11 Ways for Bail Agents to Prevent Credit Card Chargebacks
- by AboutBail Staff
- Business Tips
Your bail agency just successfully bonded a person out of jail and you received payment for your services via credit card. You're feeling great about everything - until you discover that the client has initiated a chargeback on the credit card they used to pay you. You groan as you consider the hassles you are about to endure dealing with the client, the client's bank and your merchant processing company.
Bail agents are at a high risk of dealing with chargebacks in part because of the nature of their client base, but there are ways to mitigate the risk. A combination of preparation, high-quality customer service, and solid business practices can prevent chargebacks, as we'll explain.
Why would a bail agent's client resort to a chargeback?
The reasons that a client might initiate a chargeback vary, but they can include dissatisfaction with services, confusion over billing, or even that the person wants something for nothing. For the purposes of this article, we will focus on preventing chargebacks from clients resulting from billing confusion or a dispute over services rendered by a bail agent.
How can bail agencies prevent a chargeback?
Here is a list of 11 preventative measures and resolution tactics you can use to reduce your chances of dealing with a credit card chargeback.
- Clearly explain your billing and refund policies to clients and if possible have them sign a written copy to prove that they read and understand them. Consider adding an item they can sign where they agree that they will not dispute or chargeback the payment.
- Give clients a detailed written description of the services you will be providing. If possible, have them sign a copy of this outlined plan.
- Make sure the business name on the credit card billing statement matches your firm's name (or at least let the client know which name will appear if it's different than your firm's name). People become highly suspicious when they see an unknown charge on their card and may respond with a chargeback.
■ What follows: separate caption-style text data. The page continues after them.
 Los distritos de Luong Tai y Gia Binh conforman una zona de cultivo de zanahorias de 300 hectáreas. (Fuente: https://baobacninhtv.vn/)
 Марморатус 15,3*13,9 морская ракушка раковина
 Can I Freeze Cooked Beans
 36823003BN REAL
- Include a phone number on the statement so clients can contact you in the event of confusion or disputes.
- Keep clients fully updated on the status of their bail bond so they don't consider a chargeback because they feel like they're being left in the dark.
- If any tricky situations arise, let them know promptly so they don't try to have their money returned through a chargeback.
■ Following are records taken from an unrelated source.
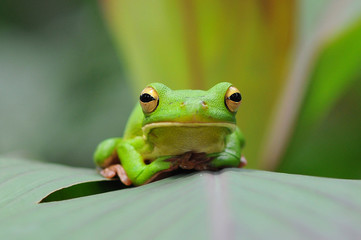 dumpy frog, frogs, tree frog,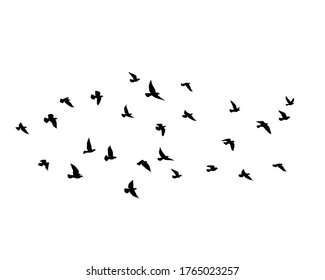 Flying birds silhouettes on white background. Vector illustration. isolated bird flying. tattoo design.
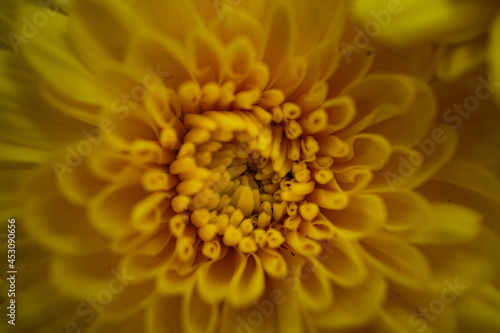 Chrysanthemenbl  te - close up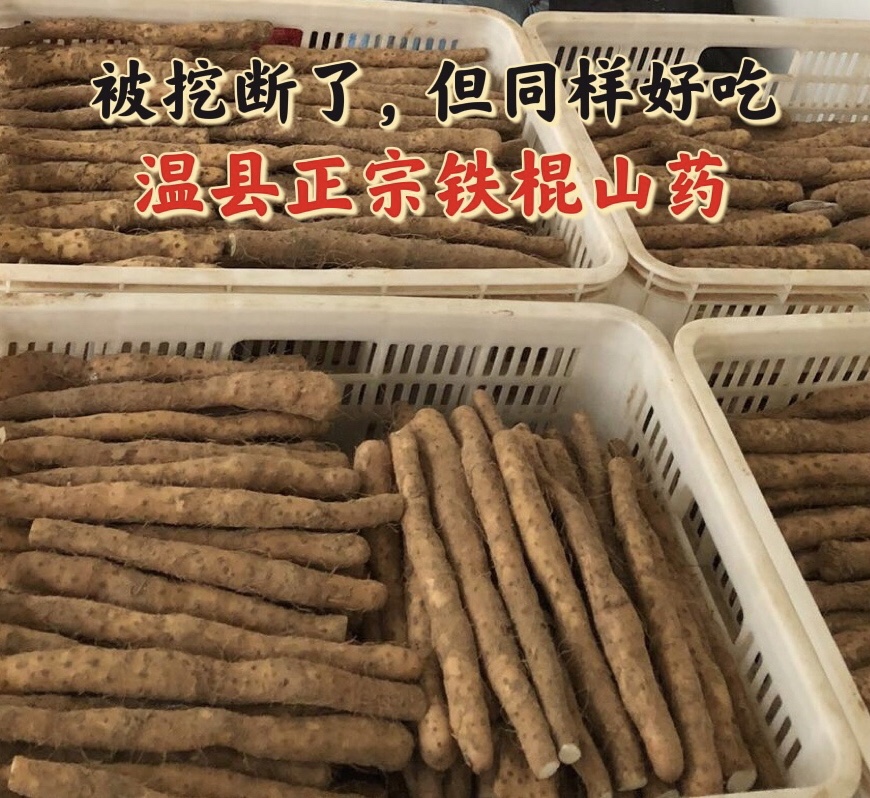 温县正宗垆土铁棍山药河南省焦作特产挖断怀山药5斤试吃装-封面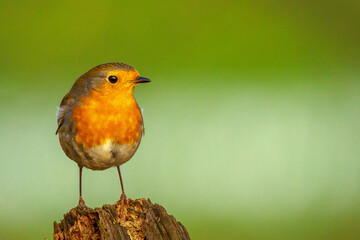 Fototapeta premium Rotkehlchen (Erithacus rubecula)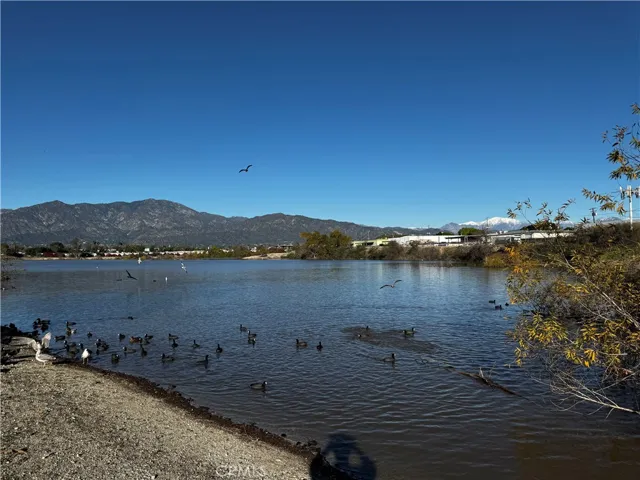 Peck Rd Water Conservation Park
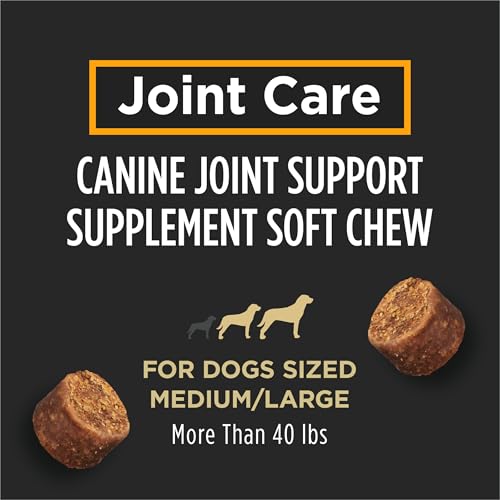 Purina Pro Plan Supplements Joint Care Large Breed Dog Supplement (Large Breed / 30 Chews (1 Pack))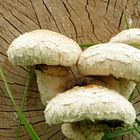 Pilz-Familie im Herbst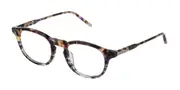 Lozza VL4238 Biella 3 0WTG Men's Glasses Tortoiseshell Size 49 - Private Health Rebate - Blue Light Block Available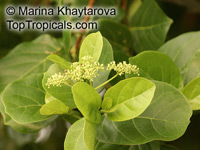 Premna obtusifolia, Buas buas, Headache Tree

Click to see full-size image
- When choosing a merchant processing company or bank, research them thoroughly to compare chargeback resolution measures. Some merchant processing companies side firmly with consumers while giving little recourse to merchants or service-providers, so you should find a company that protects your rights and lets you fairly fight chargebacks.
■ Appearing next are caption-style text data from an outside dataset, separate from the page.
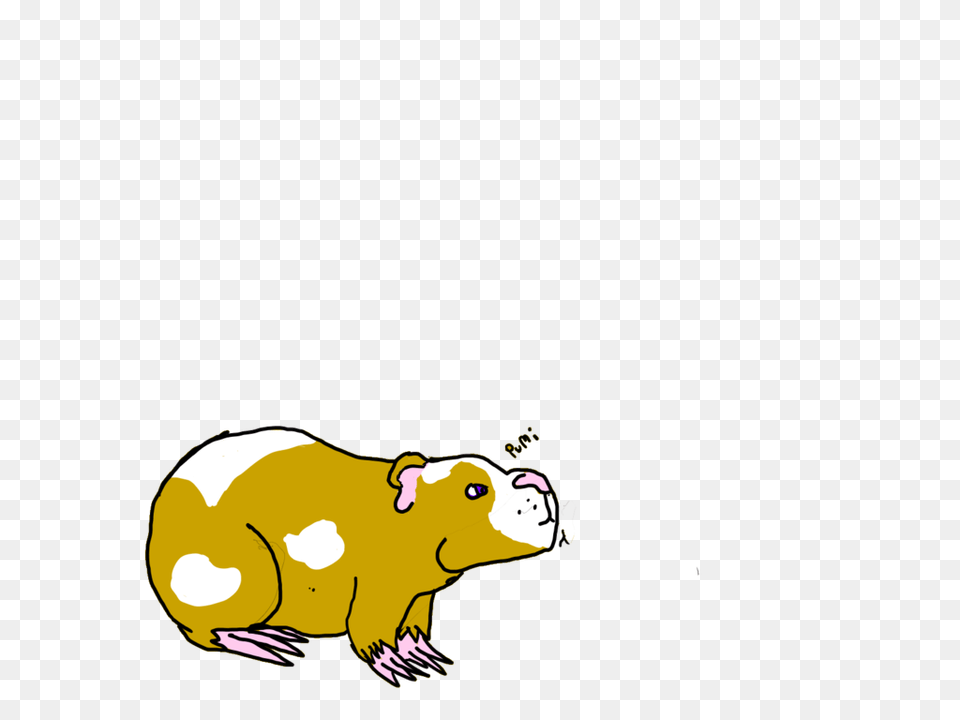 Guinea Pig, Animal, Mammal, Rodent Free Png Download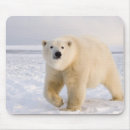 Search for arctic islands mousepads Polar bear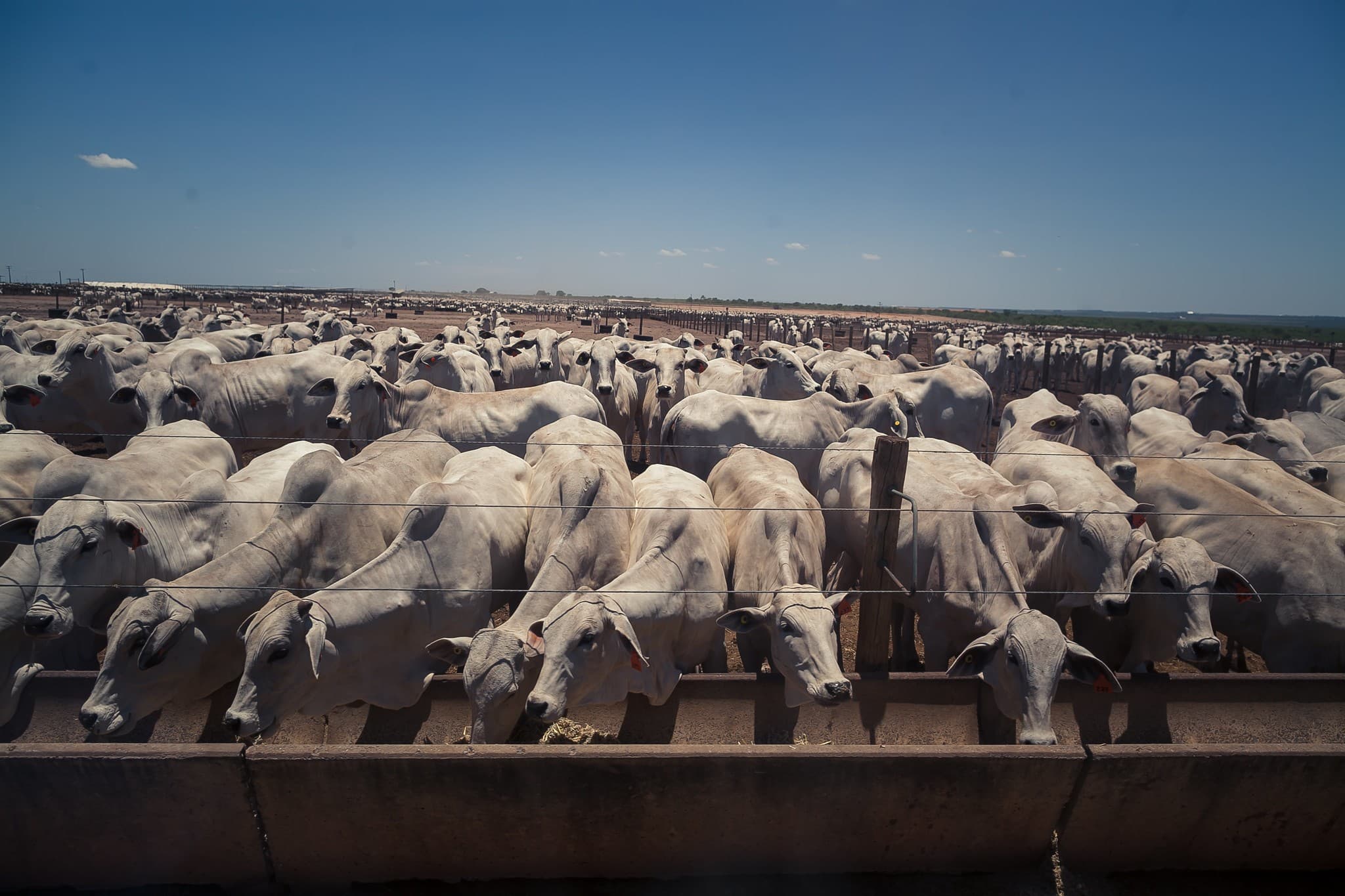 Crescimento do confinamento de gado no Brasil chega a 5,7% em 2026
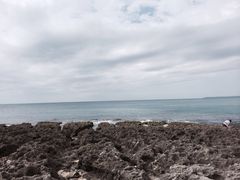 iphone_upload_pic-鹅銮鼻公园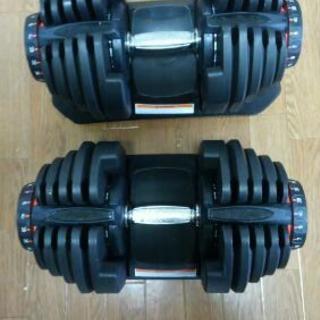 28日まで 美品 アジャスタブルダンベル 可能式ダンベル40kg 2個セットの画像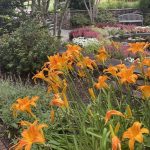 Day Lilies 3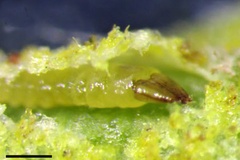 Caloptilia guacanivora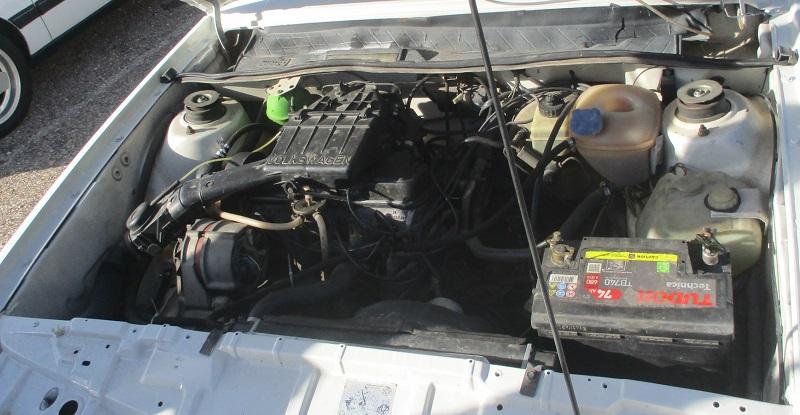 guada1124-05.jpg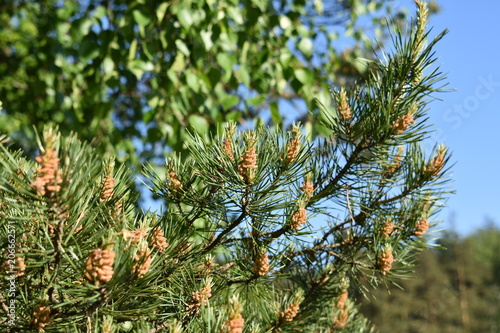 branch of a blossoming pine tree close-up on a soft green blurred background  blue sky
- Keep detailed records of your interactions with every client. Archive notes about telephone conversations, records of e-mail conversations, receipts, contracts, copies of credit cards and more. The more information you can offer when disputing the chargeback, the better.
- Work with clients to resolve disputes before they resort to a chargeback. You may deal occasionally with a client who turns away all resolution attempts, but often some logical reasoning and customer service can save the day.
- If the client's bank issues a retrieval request, which is where they ask for proof that you delivered the promised services, respond as quickly as possible. The sooner you offer proof, the less chance of a chargeback.
- Last but not least is a tip that you likely practice every day but is nonetheless important: provide top-notch bail services. Good old-fashioned hard work and helpful customer service is an effective way to keep clients from even considering a chargeback.